Segment Start: SUPPLIED MATERIAL
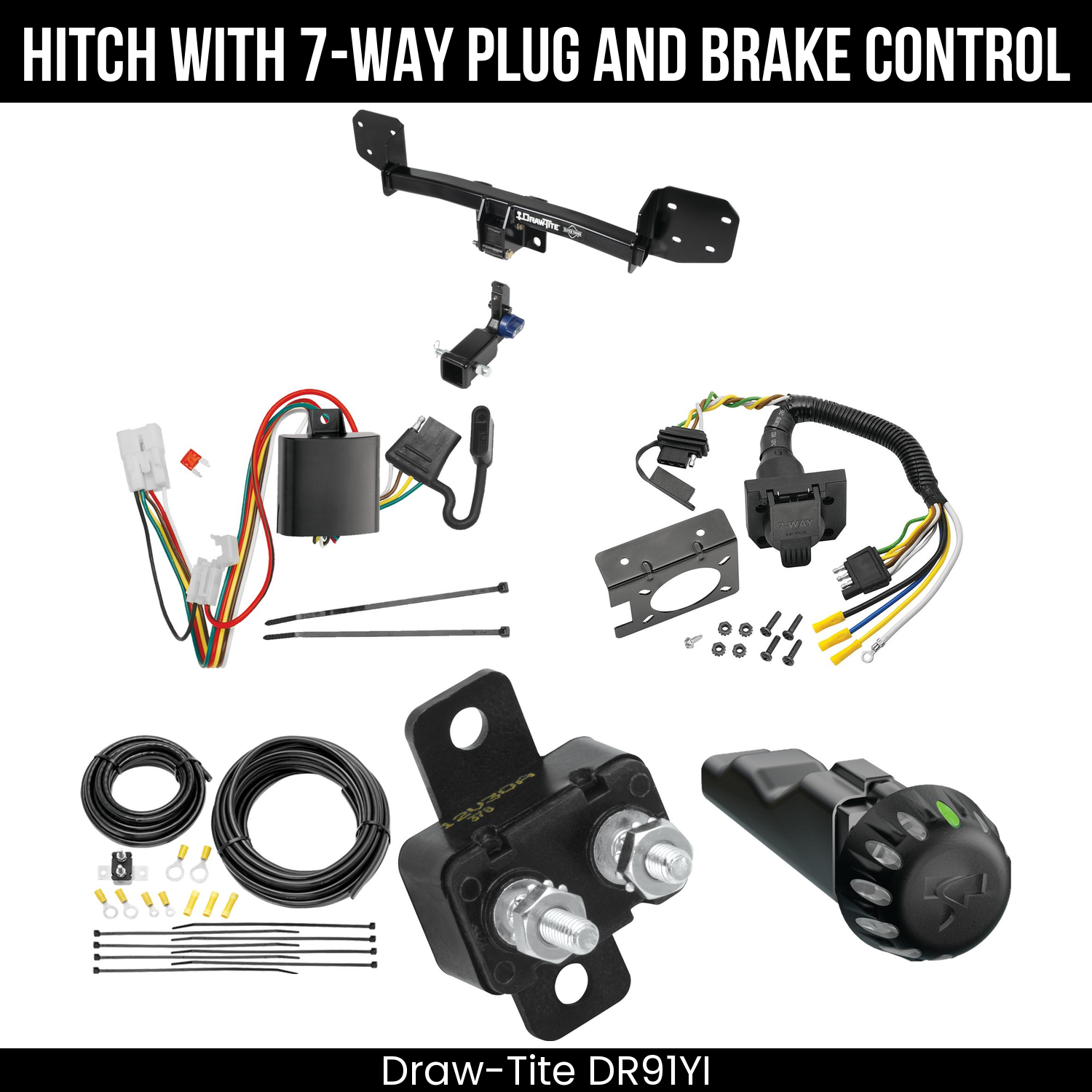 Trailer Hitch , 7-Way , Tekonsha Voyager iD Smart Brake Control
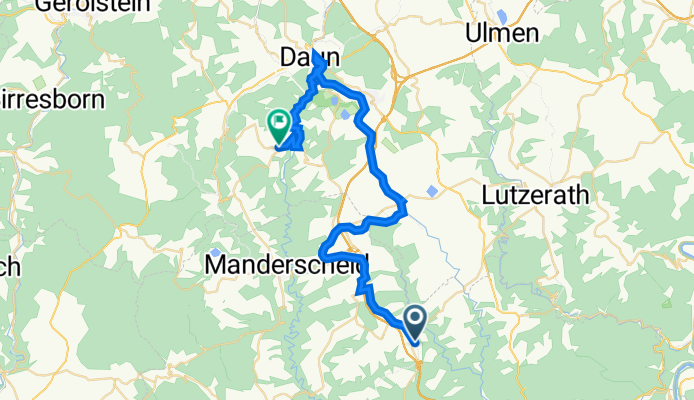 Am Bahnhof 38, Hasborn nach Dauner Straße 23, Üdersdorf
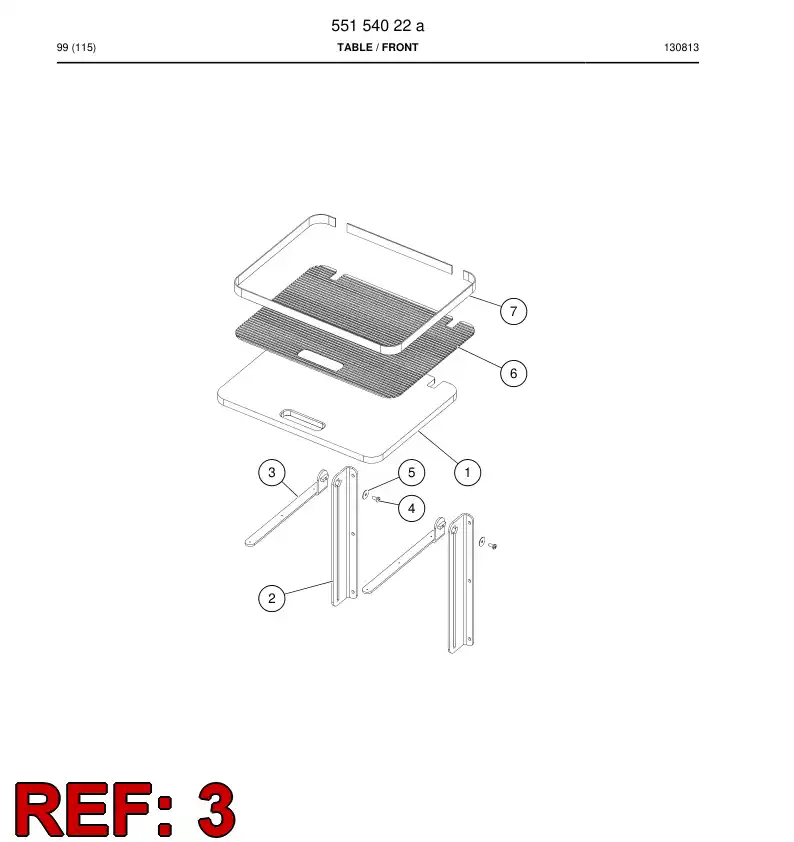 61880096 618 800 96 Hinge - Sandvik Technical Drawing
Segment End: SUPPLIED MATERIAL
Reproduce the whole listing above character for character; pictures do not belong in it.

 Trailer Hitch , 7-Way , Tekonsha Voyager iD Smart Brake Control
 Am Bahnhof 38, Hasborn nach Dauner Straße 23, Üdersdorf
 61880096 618 800 96 Hinge - Sandvik Technical Drawing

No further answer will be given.